- Task requirements: Pictures appear among the records below and must be omitted. Repeat exactly the lines from the line with "IBM成AI最新受害者!受A" to the line with "Apartamento 2 Quartos", both included.

- Given entries:
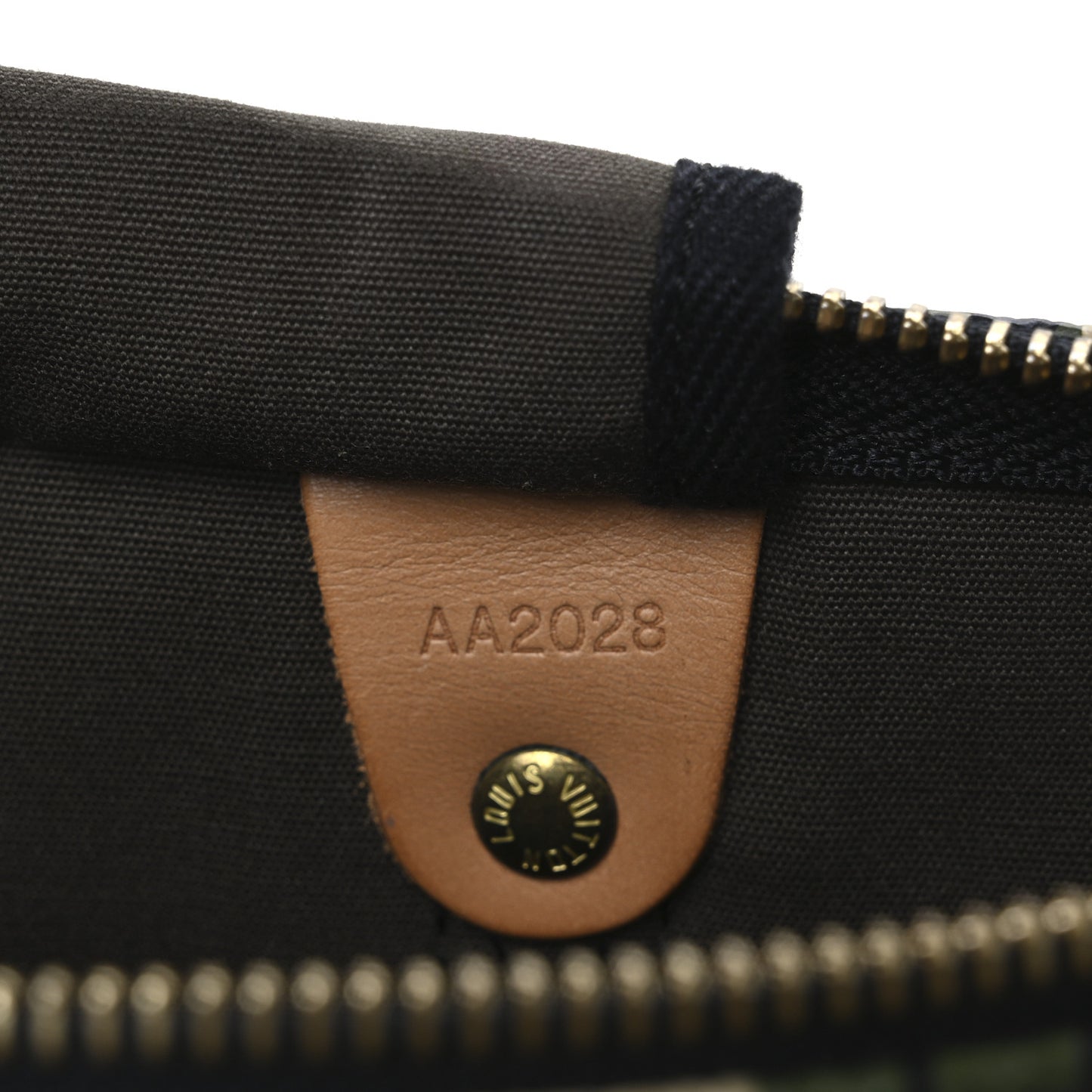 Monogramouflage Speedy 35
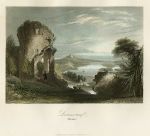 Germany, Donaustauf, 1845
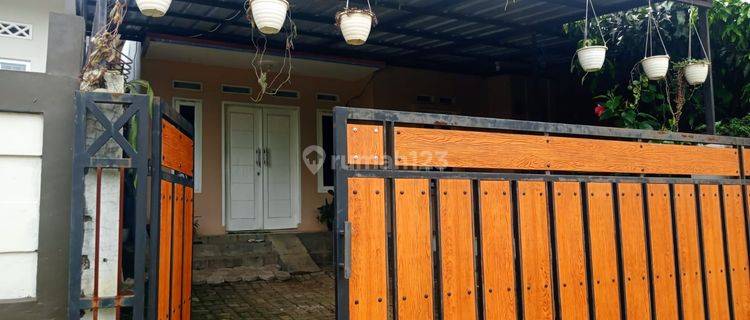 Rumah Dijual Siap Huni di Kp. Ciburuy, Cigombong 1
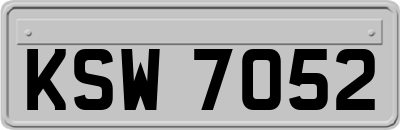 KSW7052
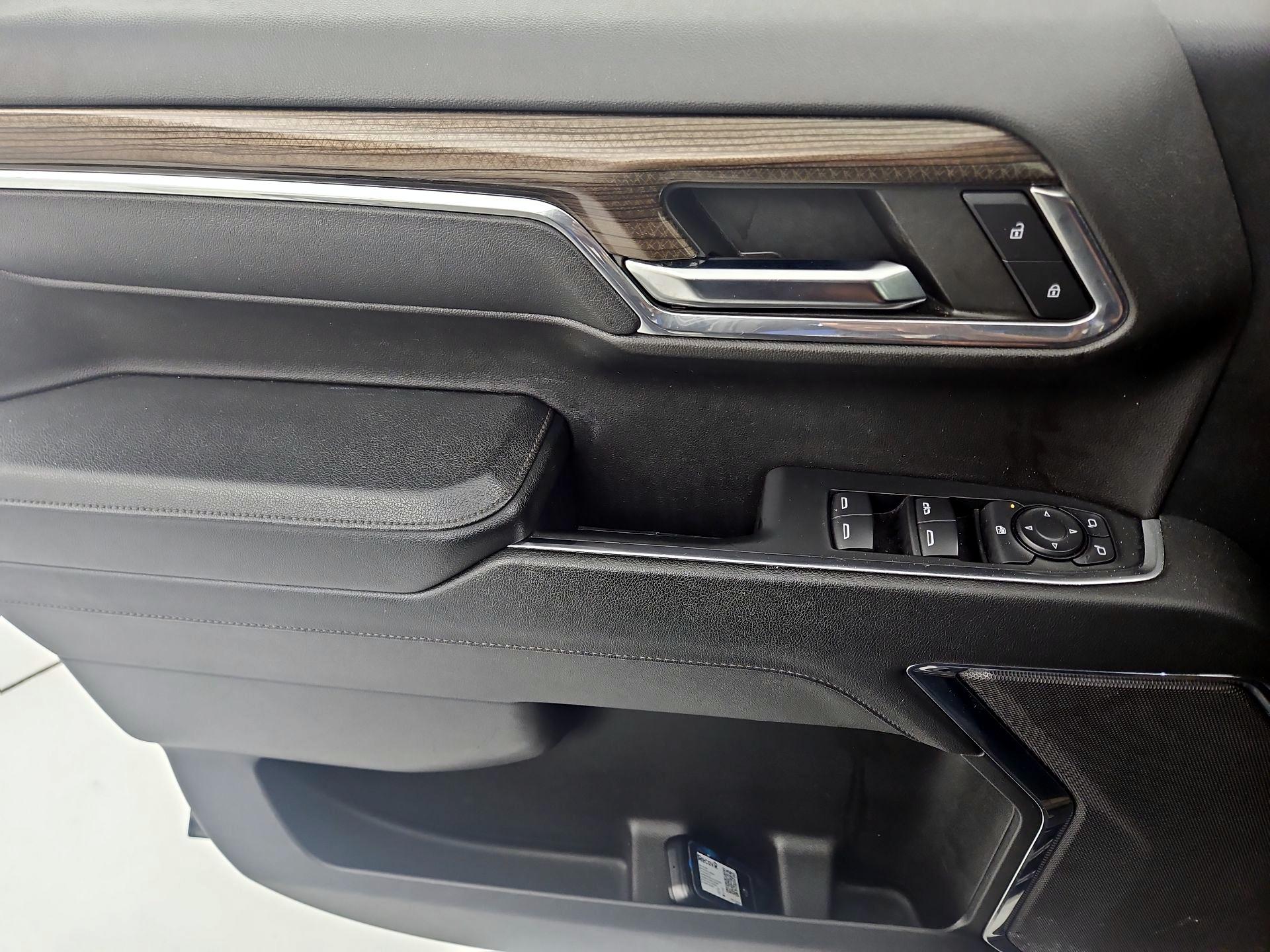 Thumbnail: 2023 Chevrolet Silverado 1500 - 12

---

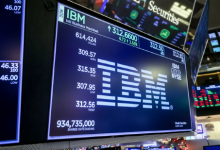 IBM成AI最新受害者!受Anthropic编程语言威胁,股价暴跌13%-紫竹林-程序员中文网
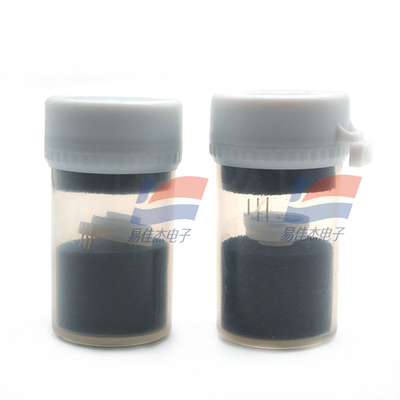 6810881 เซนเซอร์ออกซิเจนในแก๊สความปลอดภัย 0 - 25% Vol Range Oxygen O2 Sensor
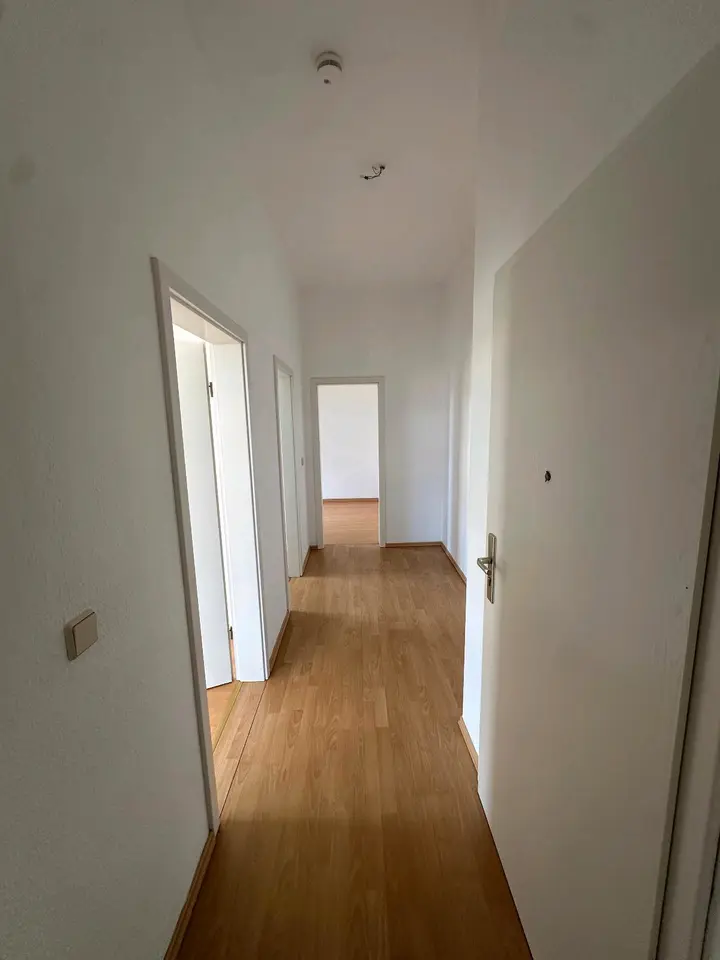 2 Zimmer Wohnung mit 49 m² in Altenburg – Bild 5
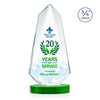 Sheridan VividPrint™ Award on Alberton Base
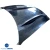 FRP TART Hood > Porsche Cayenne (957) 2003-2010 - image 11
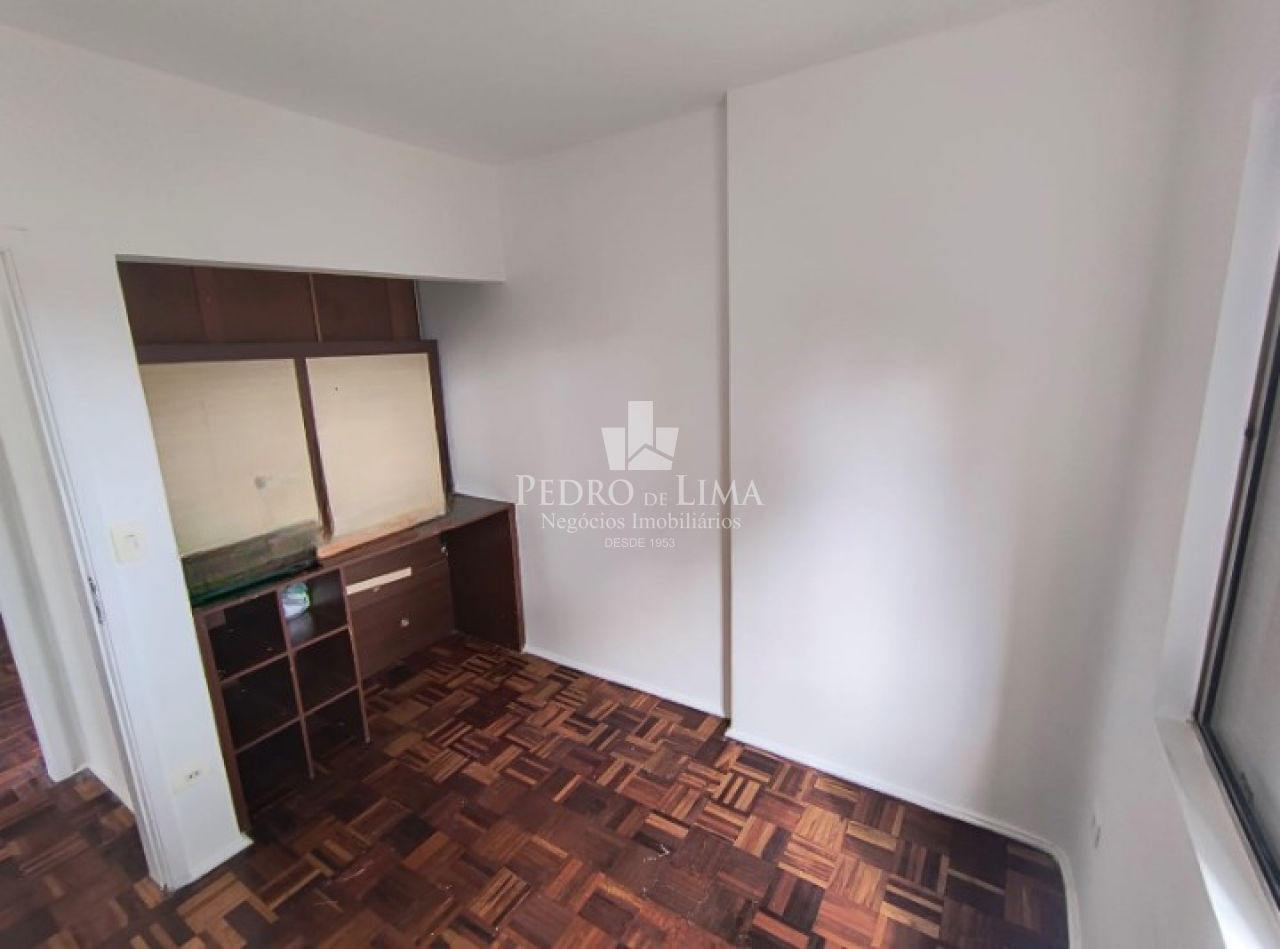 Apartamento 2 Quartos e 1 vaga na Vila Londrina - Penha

...

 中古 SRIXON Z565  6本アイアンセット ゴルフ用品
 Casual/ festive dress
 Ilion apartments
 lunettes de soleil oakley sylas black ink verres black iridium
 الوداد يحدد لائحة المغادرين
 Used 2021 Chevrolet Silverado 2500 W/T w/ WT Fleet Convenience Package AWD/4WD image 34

- Answer to this task:
 IBM成AI最新受害者!受Anthropic编程语言威胁,股价暴跌13%-紫竹林-程序员中文网
 6810881 เซนเซอร์ออกซิเจนในแก๊สความปลอดภัย 0 - 25% Vol Range Oxygen O2 Sensor
 2 Zimmer Wohnung mit 49 m² in Altenburg – Bild 5
 Sheridan VividPrint™ Award on Alberton Base
 FRP TART Hood > Porsche Cayenne (957) 2003-2010 - image 11
 Apartamento 2 Quartos e 1 vaga na Vila Londrina - Penha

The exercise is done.